Kansas senator compares climate change message to Nazi propaganda. Here's what else was said at oil convention.

Jason Tidd
Topeka Capital-Journal
Sen. Mike Thompson, R-Shawnee, stands in front of his title slide to his seminar at last week's Kansas Independent Oil & Gas Association annual convention in Wichita.

Praying for oil and comparing climate science to Nazi propaganda, Kansas oilmen remain skeptical — or in outright denial — of what international officials have called a "code red for humanity."

As expert climate scientists warn of impending crisis, the state's oil and gas producers question the existence of human-caused climate change and the motivations of climate activists.

"Climate change has been happening since Earth has been around naturally, natural cycles, with stuff that's more powerful than anything humans can do," state Sen. Mike Thompson said.

"And so it's pure hubris to think that we should be spending billions of dollars — or now trillions of dollars — on mitigating climate change for something we have zero control over. And that includes trying to change our energy policy to fit that by going more green, with the renewables, which are not reliable."

Thompson, a Republican state senator from Johnson County and chairman of Senate Committee on Utilities, presented a seminar on "The Weaponization of Climate Change" during the Kansas Independent Oil and Gas Association annual convention in Wichita on Monday.

The oil and gas convention was held one week after the United Nations Intergovernmental Panel on Climate Change issued a nearly 4,000-page report.

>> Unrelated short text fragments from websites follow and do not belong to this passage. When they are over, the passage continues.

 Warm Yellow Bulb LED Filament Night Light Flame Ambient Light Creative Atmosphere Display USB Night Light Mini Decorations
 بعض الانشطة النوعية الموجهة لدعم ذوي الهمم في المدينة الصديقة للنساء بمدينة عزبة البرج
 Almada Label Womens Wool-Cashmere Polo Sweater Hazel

UN Secretary-General António Guterres called the report "a code red for humanity."

"The alarm bells are deafening, and the evidence is irrefutable: greenhouse‑gas emissions from fossil-fuel burning and deforestation are choking our planet and putting billions of people at immediate risk," Guterres said in an Aug. 9 statement. "Global heating is affecting every region on Earth, with many of the changes becoming irreversible."

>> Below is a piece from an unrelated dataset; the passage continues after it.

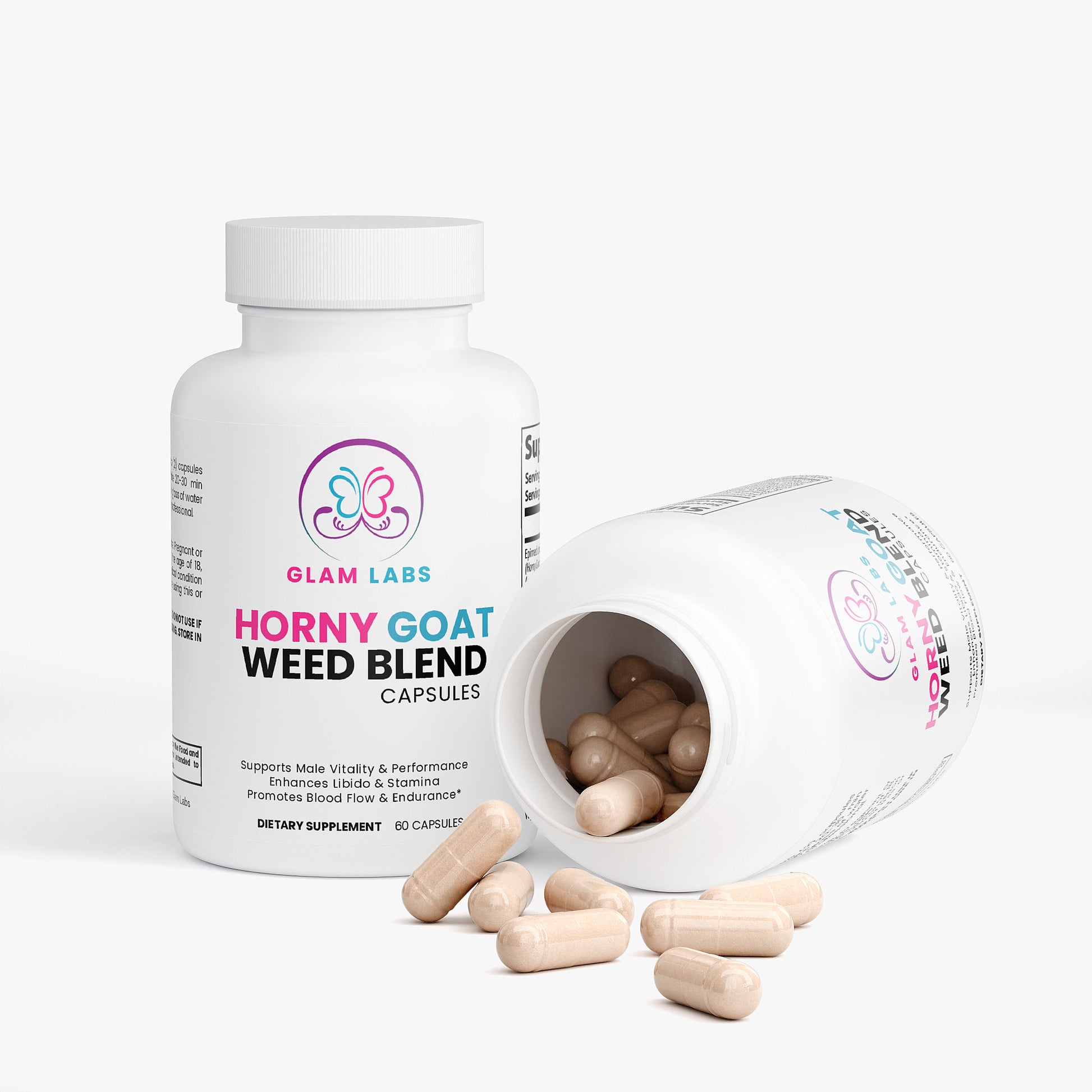 Glam Labs horny goat weed capsules natural extract dietary supplement bottles with capsules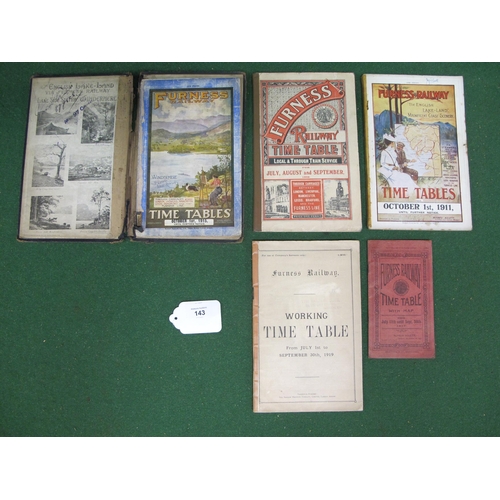 143 - Five Furness Railway (FR) timetables for 1906, 1911, 1915 (x2) (one has a colour map) and 1919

More:Fact check: Climate experts review 8 claims made by Kansas Sen. Mike Thompson at oil and gas convention

Thompson, a retired Kansas City television meteorologist, compared the messaging on climate change to Nazi propaganda: "You tell a lie big enough. You keep telling it. Eventually it becomes true."

"Science has just become a weapon," he said. "So we basically turned real science into we're all gonna die in 12 years, OK. And unfortunately, this is the culmination of the dumbing down of America. People buy this stuff. They hear it on the news. They think global warming is real. We're all gonna die.

"We're turning away from sources that we know are reliable, the oil and gas, nuclear, coal, everything that we rely on to keep our lights on 24/7 with this, because of course, we have to save the planet with green energy, which doesn't work."

One audience member said his college-educated son told him: "Dad, you have been brainwashed. You're part of the oil industry." The man asked Thompson, "How do we fight back?"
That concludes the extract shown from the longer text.